[Crawled caption data]
-*-*-
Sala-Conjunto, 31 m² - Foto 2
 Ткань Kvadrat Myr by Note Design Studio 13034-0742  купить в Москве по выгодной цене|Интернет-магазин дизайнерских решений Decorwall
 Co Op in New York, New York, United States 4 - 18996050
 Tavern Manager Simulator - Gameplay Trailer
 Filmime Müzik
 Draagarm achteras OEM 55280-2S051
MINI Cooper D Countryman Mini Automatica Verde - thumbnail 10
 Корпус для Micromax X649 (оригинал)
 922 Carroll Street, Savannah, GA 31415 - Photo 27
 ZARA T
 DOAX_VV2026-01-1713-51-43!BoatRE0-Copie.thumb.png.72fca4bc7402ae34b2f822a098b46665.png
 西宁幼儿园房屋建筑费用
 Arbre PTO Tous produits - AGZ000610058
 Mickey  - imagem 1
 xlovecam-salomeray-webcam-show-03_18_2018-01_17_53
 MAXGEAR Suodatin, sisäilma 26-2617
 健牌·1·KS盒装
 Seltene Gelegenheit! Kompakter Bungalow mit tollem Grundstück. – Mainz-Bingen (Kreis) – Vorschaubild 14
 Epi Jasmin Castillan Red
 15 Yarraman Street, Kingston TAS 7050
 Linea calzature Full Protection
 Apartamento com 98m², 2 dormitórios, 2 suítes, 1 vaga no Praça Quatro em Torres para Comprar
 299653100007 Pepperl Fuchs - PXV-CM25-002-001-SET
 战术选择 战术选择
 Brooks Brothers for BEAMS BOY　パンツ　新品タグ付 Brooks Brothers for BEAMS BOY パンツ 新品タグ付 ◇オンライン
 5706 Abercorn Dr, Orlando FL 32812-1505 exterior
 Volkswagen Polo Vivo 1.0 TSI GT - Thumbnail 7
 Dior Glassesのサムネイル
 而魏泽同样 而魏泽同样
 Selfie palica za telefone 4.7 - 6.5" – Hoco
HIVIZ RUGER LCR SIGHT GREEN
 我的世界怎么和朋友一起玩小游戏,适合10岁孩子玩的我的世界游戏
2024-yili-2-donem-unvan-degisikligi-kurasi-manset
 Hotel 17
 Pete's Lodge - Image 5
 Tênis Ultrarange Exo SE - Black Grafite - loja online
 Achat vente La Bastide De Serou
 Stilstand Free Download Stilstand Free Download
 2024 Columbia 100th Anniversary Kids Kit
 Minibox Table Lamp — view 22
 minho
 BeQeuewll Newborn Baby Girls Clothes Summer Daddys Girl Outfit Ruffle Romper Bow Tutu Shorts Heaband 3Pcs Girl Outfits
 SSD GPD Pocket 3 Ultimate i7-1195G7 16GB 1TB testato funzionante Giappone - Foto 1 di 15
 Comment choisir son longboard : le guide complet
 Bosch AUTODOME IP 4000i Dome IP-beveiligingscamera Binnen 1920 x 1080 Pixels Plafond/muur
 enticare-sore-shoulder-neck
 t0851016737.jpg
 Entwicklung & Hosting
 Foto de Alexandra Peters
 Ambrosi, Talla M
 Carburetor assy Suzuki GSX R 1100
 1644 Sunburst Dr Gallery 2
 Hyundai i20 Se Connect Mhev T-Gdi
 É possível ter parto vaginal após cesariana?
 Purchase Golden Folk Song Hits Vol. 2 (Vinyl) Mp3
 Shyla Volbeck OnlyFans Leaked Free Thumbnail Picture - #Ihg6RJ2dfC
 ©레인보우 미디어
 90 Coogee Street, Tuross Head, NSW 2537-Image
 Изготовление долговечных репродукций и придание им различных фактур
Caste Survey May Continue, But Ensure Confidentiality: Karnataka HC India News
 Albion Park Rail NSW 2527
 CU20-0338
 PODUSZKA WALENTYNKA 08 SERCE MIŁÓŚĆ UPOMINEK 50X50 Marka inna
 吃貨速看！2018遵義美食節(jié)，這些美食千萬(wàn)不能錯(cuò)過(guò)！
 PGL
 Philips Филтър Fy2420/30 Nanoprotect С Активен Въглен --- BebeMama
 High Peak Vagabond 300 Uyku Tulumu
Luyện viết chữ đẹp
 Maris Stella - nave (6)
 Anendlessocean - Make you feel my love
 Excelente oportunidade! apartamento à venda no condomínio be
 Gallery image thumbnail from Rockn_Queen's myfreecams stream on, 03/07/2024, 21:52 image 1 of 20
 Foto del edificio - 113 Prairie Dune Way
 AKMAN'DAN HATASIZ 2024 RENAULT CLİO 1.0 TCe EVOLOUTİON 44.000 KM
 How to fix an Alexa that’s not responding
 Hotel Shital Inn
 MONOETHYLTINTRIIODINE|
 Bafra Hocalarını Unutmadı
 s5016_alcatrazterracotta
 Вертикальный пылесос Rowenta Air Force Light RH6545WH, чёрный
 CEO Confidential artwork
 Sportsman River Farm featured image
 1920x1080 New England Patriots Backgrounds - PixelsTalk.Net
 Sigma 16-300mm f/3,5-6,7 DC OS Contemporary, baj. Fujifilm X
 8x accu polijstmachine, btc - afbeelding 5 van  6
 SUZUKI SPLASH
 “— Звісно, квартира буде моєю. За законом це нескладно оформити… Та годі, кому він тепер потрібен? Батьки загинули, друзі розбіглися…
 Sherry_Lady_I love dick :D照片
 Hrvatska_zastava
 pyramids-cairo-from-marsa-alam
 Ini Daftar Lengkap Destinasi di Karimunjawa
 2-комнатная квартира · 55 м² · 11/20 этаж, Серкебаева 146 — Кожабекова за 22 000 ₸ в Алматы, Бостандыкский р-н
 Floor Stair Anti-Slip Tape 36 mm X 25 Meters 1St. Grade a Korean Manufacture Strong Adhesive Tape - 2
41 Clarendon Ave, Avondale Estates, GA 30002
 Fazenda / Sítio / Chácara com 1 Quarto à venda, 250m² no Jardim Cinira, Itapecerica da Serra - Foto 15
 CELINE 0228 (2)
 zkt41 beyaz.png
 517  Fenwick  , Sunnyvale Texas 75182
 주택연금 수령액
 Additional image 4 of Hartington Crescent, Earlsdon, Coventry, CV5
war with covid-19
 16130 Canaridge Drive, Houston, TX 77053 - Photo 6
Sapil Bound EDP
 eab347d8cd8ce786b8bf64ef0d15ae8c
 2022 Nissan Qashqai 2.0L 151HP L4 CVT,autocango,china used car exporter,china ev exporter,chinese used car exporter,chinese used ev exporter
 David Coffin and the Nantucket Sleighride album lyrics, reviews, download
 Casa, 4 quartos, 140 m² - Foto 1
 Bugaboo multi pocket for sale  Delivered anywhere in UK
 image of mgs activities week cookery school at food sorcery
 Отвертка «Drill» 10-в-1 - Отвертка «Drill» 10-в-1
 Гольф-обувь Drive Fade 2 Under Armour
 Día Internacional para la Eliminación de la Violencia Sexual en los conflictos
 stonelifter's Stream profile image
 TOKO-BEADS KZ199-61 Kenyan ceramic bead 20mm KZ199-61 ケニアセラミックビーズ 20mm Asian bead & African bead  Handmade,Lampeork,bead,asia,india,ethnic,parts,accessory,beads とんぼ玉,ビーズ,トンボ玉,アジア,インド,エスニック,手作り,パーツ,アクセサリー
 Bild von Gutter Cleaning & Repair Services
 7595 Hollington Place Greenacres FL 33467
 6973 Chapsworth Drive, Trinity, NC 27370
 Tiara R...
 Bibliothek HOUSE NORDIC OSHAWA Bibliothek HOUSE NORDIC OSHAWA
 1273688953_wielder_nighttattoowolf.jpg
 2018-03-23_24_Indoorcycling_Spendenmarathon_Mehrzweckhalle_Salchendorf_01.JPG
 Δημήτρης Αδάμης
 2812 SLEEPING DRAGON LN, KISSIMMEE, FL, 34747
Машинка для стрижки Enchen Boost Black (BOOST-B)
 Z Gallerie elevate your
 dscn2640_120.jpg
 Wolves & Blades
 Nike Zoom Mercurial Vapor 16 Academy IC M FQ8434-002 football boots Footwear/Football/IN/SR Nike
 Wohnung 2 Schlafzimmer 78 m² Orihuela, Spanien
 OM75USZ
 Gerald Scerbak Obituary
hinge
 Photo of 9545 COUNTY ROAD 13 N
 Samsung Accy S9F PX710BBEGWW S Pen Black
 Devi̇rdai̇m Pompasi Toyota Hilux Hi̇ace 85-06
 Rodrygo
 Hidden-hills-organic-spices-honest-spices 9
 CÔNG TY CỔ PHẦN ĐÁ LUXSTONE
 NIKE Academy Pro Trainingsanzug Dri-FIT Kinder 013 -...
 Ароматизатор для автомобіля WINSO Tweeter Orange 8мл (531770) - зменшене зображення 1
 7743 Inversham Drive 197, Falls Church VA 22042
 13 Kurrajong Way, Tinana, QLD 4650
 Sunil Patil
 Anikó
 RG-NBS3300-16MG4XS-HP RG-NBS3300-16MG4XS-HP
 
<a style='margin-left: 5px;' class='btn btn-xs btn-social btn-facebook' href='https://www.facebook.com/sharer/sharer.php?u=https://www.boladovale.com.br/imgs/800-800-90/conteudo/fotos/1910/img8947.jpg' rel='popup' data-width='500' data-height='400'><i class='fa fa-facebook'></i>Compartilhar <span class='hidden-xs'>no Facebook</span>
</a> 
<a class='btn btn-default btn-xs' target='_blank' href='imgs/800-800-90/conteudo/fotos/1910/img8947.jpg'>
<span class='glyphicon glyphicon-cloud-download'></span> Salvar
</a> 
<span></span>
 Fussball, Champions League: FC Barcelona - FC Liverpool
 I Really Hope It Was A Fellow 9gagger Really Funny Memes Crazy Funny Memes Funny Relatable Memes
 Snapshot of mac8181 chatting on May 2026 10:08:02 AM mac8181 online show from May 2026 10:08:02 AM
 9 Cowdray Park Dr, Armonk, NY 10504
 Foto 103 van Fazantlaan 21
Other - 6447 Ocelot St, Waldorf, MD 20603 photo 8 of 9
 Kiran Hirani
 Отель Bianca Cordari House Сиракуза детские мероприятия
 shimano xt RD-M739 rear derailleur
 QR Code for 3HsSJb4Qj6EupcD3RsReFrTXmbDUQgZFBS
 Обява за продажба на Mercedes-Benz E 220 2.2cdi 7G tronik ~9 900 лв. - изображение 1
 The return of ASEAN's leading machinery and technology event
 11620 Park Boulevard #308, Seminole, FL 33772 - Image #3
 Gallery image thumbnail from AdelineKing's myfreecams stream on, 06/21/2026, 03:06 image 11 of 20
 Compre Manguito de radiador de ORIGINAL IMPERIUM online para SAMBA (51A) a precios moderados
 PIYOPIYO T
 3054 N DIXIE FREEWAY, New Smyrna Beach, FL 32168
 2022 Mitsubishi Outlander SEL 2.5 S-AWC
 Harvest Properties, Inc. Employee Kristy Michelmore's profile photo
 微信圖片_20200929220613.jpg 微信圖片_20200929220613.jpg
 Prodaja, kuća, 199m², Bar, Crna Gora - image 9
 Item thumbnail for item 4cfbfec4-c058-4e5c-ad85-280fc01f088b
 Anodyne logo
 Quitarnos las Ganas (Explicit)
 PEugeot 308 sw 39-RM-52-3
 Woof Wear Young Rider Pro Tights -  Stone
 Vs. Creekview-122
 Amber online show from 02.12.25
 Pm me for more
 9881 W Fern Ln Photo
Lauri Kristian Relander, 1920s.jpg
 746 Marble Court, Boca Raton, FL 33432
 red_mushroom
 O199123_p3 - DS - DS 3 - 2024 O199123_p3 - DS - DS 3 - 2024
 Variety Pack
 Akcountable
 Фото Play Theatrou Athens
-*-*-
*EXERCISE OBJECTIVE*.
Whenever a line above includes the string "para", copy it.

*ANSWER TO THE EXERCISE*.
 Apartamento com 98m², 2 dormitórios, 2 suítes, 1 vaga no Praça Quatro em Torres para Comprar
 Día Internacional para la Eliminación de la Violencia Sexual en los conflictos
 Compre Manguito de radiador de ORIGINAL IMPERIUM online para SAMBA (51A) a precios moderados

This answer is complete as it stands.